A cyber threat group of suspected Romanian origin, identified as RUBYCARP, has been linked to a long-lasting botnet engaged in various malicious activities, including cryptocurrency mining, distributed denial-of-service (DDoS) attacks, and phishing schemes. This group appears to have been operational for at least a decade, primarily motivated by financial gain, as detailed in a report by cloud security firm Sysdig shared with The Hacker News.
Sysdig indicates that RUBYCARP’s primary operational strategy relies on deploying a botnet through a combination of public exploits and brute-force attacks. Communication among group members occurs via public and private IRC networks, which allows for organized coordination of their activities.
Initial evidence suggests that RUBYCARP may have connections to another threat cluster tracked by Albanian cybersecurity firm Alphatechs, known as Outlaw. This group has a documented history of crypto mining and brute-force attacks, showing an evolution into phishing and spear-phishing campaigns aimed at a broader range of targets. Brenton Isufi, a security researcher, noted that these phishing attempts often trick victims into exposing sensitive information, including login credentials and financial details.
Among RUBYCARP’s tactics is the utilization of a malware variant known as ShellBot, also referred to as PerlBot, which is employed to infiltrate target environments. The group is documented to exploit vulnerabilities within the Laravel Framework, applying techniques identical to those used by other threat actors such as AndroxGh0st.
In a troubling development, Sysdig has documented instances of compromised WordPress sites where attackers leveraged commonly used usernames and passwords to gain access. Following a successful breach, a backdoor based on Perl ShellBot is installed, allowing the compromised server to connect to an Internet Relay Chat (IRC) server, which serves both command-and-control functions and a means to join the larger botnet.

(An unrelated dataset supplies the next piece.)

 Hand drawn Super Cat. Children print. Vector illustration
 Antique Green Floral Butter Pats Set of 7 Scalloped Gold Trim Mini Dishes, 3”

This botnet is estimated to encompass over 600 hosts, with the IRC server established on May 1, 2023, highlighting the group’s reliance on this communication channel for operational coordination and managing crypto mining campaigns. Members of RUBYCARP, who utilize handles like juice_, Eugen, Catalin, MUIE, and Smecher, have been found communicating through the Undernet IRC channel #cristi, and they employ mass scanning tools to identify potential new targets.

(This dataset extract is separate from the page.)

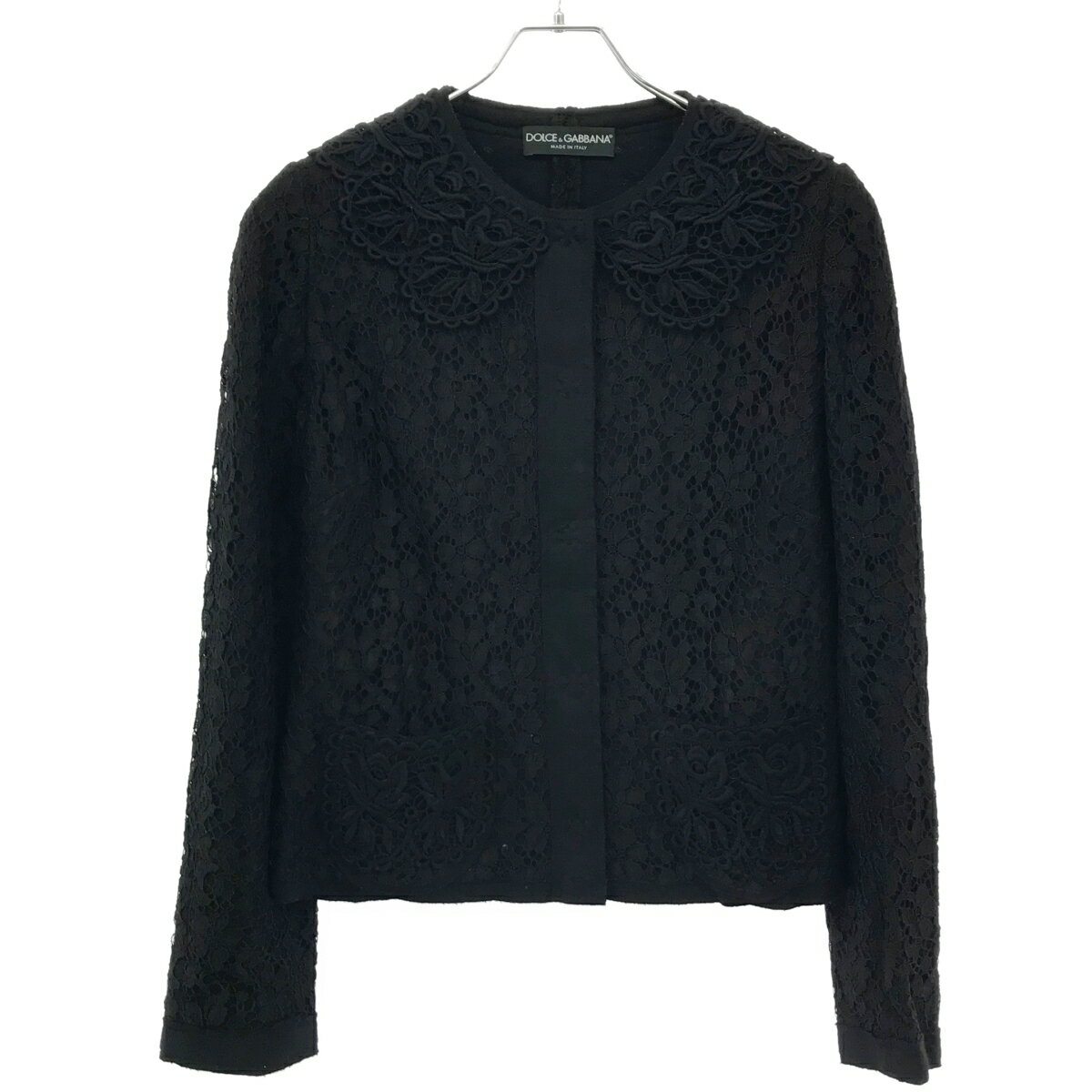 DOLCE&GABBANA ドルチェ＆ガッバーナ クロッシェカラー レースジャケット F25PPT/FLMOH ブラック 40 【中古】 ITYF8EXBM1QS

The rise of RUBYCARP in the cyber threat landscape underscores their adeptness at leveraging a botnet to fuel a diverse range of illicit activities, including cryptocurrency mining and phishing attacks aimed at data theft. Michael Clark, director of threat research at Sysdig, noted that mining appears to have been the group’s initial motive, but they have since diversified their activities to include DDoS attacks and phishing campaigns.

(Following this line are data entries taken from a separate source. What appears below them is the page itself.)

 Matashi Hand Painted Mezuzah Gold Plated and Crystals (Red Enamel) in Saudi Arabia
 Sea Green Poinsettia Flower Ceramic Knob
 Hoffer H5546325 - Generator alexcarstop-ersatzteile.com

There is concern that stolen credit card information may not only be used to finance attack infrastructure but could also be sold in underground cybercrime markets. Furthermore, Sysdig reports that RUBYCARP is involved in developing and marketing cyber weapons, a practice that is not commonplace among cyber threat groups. Their extensive arsenal of tools offers substantial flexibility in executing their illicit operations.